Collected material>
*** Block opens ***
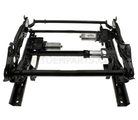 4610191AA - Interior Trim: Power Seat Adjuster for Mopar Image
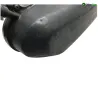 Boite a air YAMAHA YPR 125 2010-2013 XMAX ABS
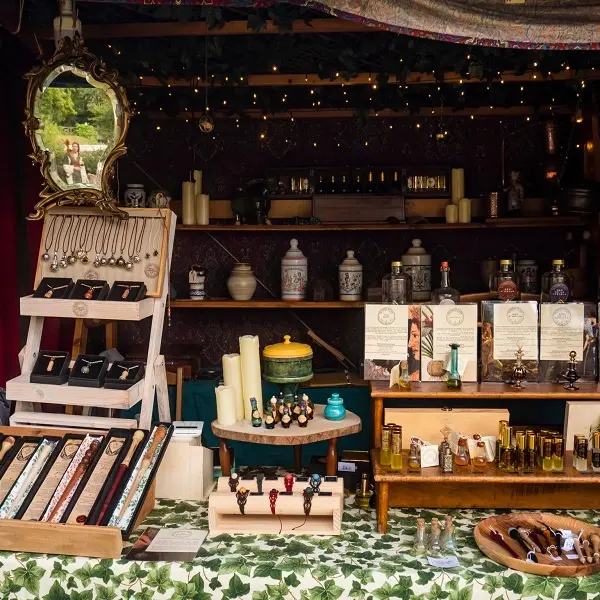 Jardins-de-Sève_ateliers_centre-arthurien_comper_destinationBrocéliande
*** Block closes ***
Task item>
Reproduce the data above exactly, leaving out any picture in it.

Solution>
 4610191AA - Interior Trim: Power Seat Adjuster for Mopar Image
 Boite a air YAMAHA YPR 125 2010-2013 XMAX ABS
 Jardins-de-Sève_ateliers_centre-arthurien_comper_destinationBrocéliande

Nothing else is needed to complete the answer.